It's looking good for GM's Acadia Denali, produced here in Lansing at the company's Delta plant.
"We just started production in September in Lansing and dealers are already telling us they need more, so we planned to run 20 percent of the Acadia sales mix," said U.S. Marketing Vice President for Buick and GMC John Schwegman. "Dealers are saying we might be 35-40 percent so we're trying to figure out a way to build more Acadia Denalis."
The company's Chevrolet Volt is also doing well. It was named the 2011 Car of the Year. The Volt runs on electricity for 40 miles before a backup gas engine kicks in.
"I think we've made alternative technology practical enough that it can be easily adopted by many Americans," said Volt Power Train Chief Engineer Pamela Fletcher.
Volt engineers say the car is roomy yet can take you more than 370 miles in a single trip, thanks to thinking outside the box.
"Literally every sub-system of the vehicle had to be rethought. Steering, braking, interior. We went to components that are lightweight," Fletcher said.

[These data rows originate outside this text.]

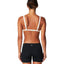 WMNS REACTOR 2 BOY SHORT 1.5MM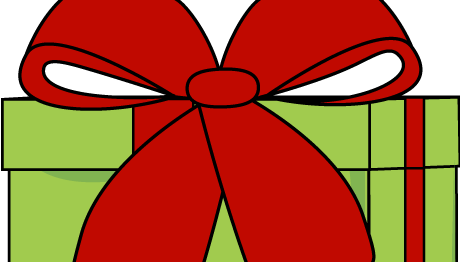 Christmas Note Paper [printable] - Shop Til Ya Drop (460x262)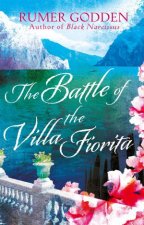 Virago Modern Classics The Battle of the Villa Fiorita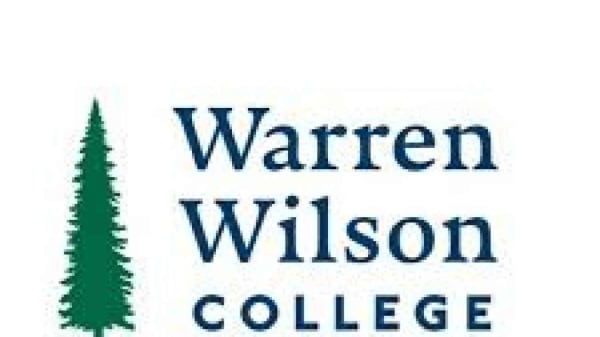 Warren Wilson College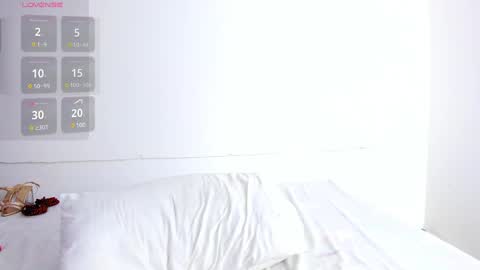 katey Curvy01 online show from 12-02-24, 10:18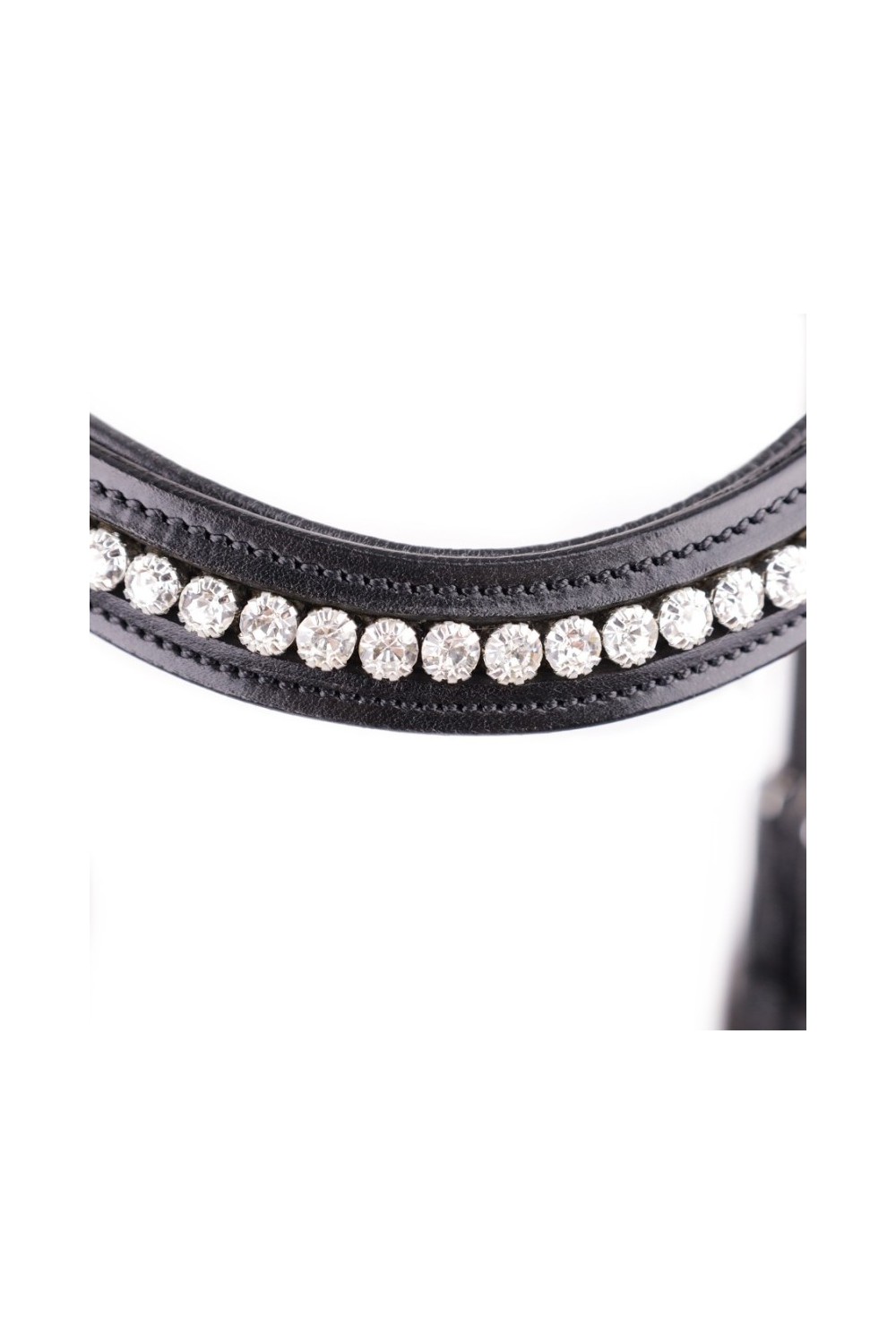 Cabezada para filete Kieffer Ultrasoft Luna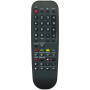 PANASONIC TNQ8E0461-2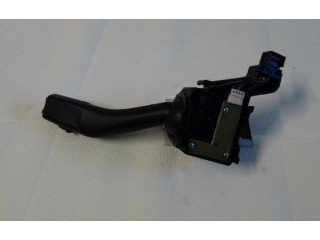 Ручка стеклоочистителей 1K0953519H9B9   Volkswagen Touran I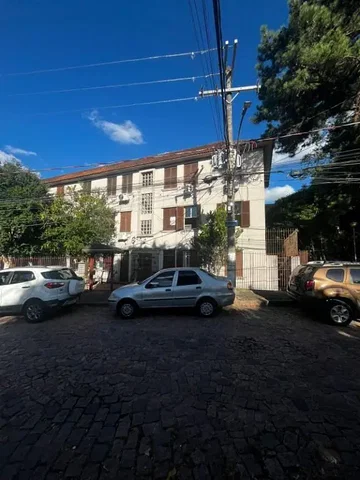 Остало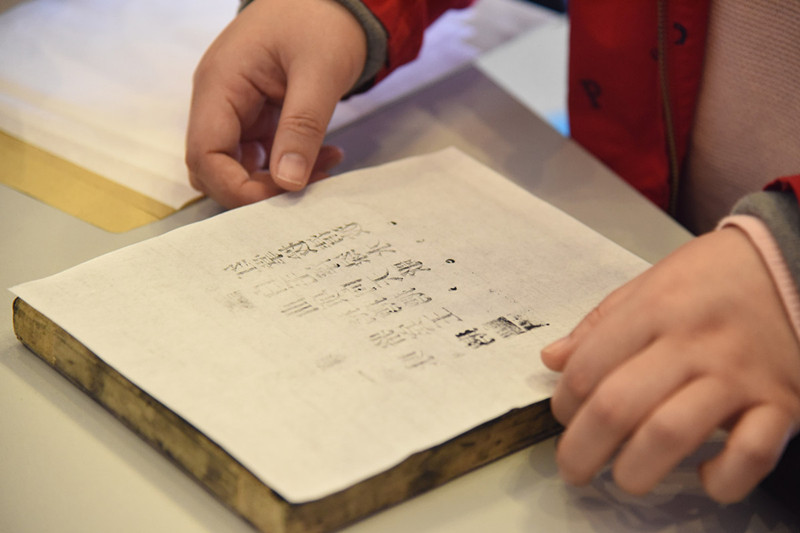 1524985179347915.jpg 20180429d_副本.jpg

With Xbox's Kinect Joy Ride, an interactive video game that needs no remotes or controls, you can take the Volt for a spin without ever leaving the building. You just steer as you normally would, and to speed up, pull your arms back and release. It works by motion-detection.
GM's Buick Enclave, another Lansing-made car, directly boosts the Buick brand, company execs say.
"Buick has quickly moved to the fastest growing brand in the U.S. this past year with sales up 52 percent. The Enclave in the fourth year of its lifecycle had the best sales month it's ever had," Schwegman said.
GM isn't the only automaker tapping into the market for alternative vehicles. Mercedes and Smart Car were just two others.